A breakdown of the pros and cons of the two most popular exercise games for the Wii.
We all know what you’re wondering about these two games. Which is better at making that number on the scale go down? Out of the three articles I’ve read comparing the differences between Wii Fit and EA Active, the weirdest idea they’ve seized on is the PR meme that EA Active is a ‘Western’ game. To paraphrase, thanks to its sweat inducing exercises it can satisfy our cultural expectations for exercise far better than the stretches and few exercises of Wii Fit. An easier distinction is a mechanical one between the two games: the Wii Fit knows its limits. I’ve played both games (my unflattering Wii Fit review) and despite the extra sweat EA Active gives me, it’s still inferior to the Wii Fit. Obviously a lot of this boils down to my personal opinion, to give a "Western" review neither has made me lose weight, but mechanically EA Active just reaches beyond what the motion controls can really do.
From EA Active
From EA Active
In contrast, the Wii Fit is a lot of stretching and mostly inadequate strength exercises mixed with ineffective organization.
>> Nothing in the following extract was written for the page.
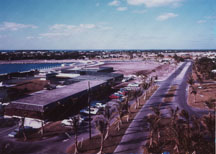 Area behind tennis courts being cleared for construction of marina inn.  Building in foreground housed a grocery store, member's lounge and cart rental.  Now the Everglades Complex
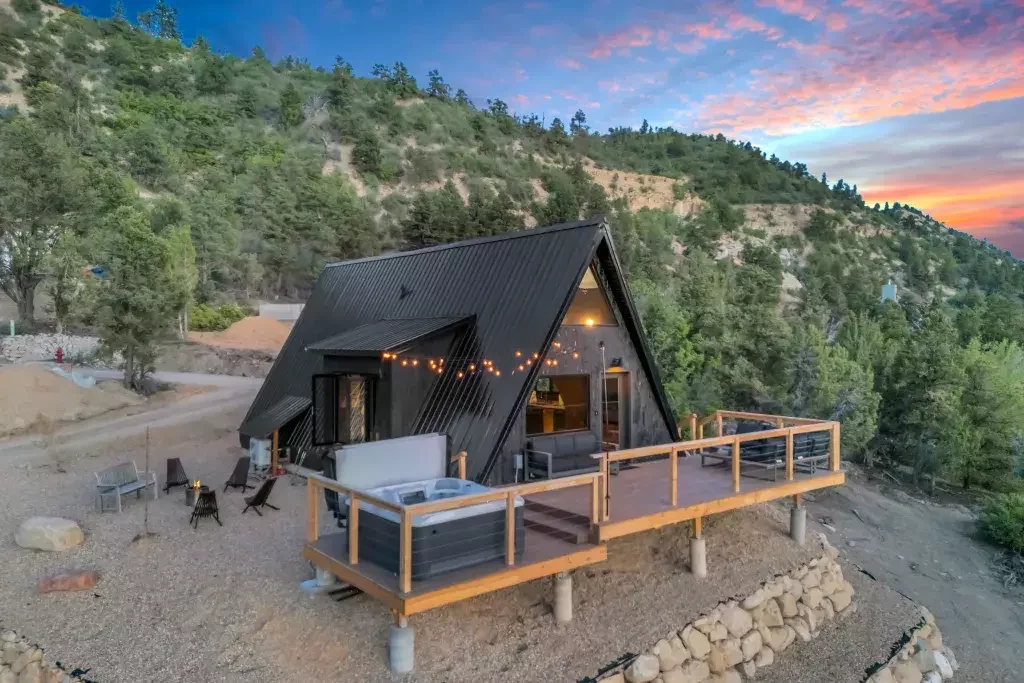 A modern black A-frame house sits on a rocky hillside at sunset, featuring an expansive wooden deck with a hot tub and string lights overlooking a forested mountain valley.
Unlike EA Active which tries to not rely on the Balance Board, Wii Fit uses it extensively. The game is able to quasi-follow player motion with the balance sensor so that your position is, if not perfect, at least in the right ballpark. And that’s about it. The thing that Nintendo grasps about their console and peripherals is not making them uncomfortable to use. Yoga stretches work well and several of the strength exercises are good. Of particular merit are the push-ups and ab exercises, which EA Active completely lacks. Although it’ understandable that EA Active doesn’t have yoga poses, not having any stretches whatsoever is irresponsible. If using one of these things is the only exercise a person has gotten in years, they are going to need to learn proper stretching. The problem with Wii Fit is that you can’t effectively link any of this stuff together. My Wii Fit workout consists of clicking on each Yoga and strength exercise once until I hit the thirty minute score. Compared to EA Active, which repeats each workout and ups the reps, Wii Fit is wildly ineffective.
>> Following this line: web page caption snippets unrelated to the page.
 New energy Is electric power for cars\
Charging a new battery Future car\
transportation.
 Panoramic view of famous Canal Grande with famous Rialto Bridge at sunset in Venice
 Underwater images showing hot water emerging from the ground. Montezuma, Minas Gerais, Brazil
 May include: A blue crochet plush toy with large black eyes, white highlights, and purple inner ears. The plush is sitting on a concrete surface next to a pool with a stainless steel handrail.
There is also the question of the BMI system. Wii Fit will weigh you and inflate your Mii to match your body. This is a bit depressing and it gets worse as the weeks go by and you realize that losing weight is not as easy as it seems. Every week that little white board will ask you why you haven’t lost weight and you’re forced to remember the food, the beer, the skipping exercises, and all that sitting around as well. EA Active completely removes this feature and instead just tells you how awesome you are all the time. The fact that my avatar in EA Active is a fit looking guy no matter what further removes any actual reflection of how healthy I am. Say what you want about insulting video games, but at least the Wii Fit is being honest with you and helping to raise awareness about your health in the long term.
From Wii Fit
In the end, the problem with either game’s workout is the same. No weight means no proper resistance which leaves you with stretching or moving in place. Realizing this, Nintendo made Wii Fit into a Yoga game with a few decent strength exercises that comfortably stays within the boundaries of the technology. EA Active instead tries to use a rubber band that can work around the Wiimote to solve the resistance problem with mixed results. You can’t really get a good resistance with the band going because of all the crap you’re holding, so most of the exercises are little better than lifting your arms up and down anyways. The ones that make you sweat mostly consist of running or jumping in place, which almost always ends with you wondering why you don't just go outside. What EA Active fixes about Wii Fit, the ability to combine exercises so you actually get a decent workout, will supposedly be solved by Wii Fit Plus. If someone wanted to beat out either game, they’d need to a release a Wiimote with attachable weights to get a real advantage.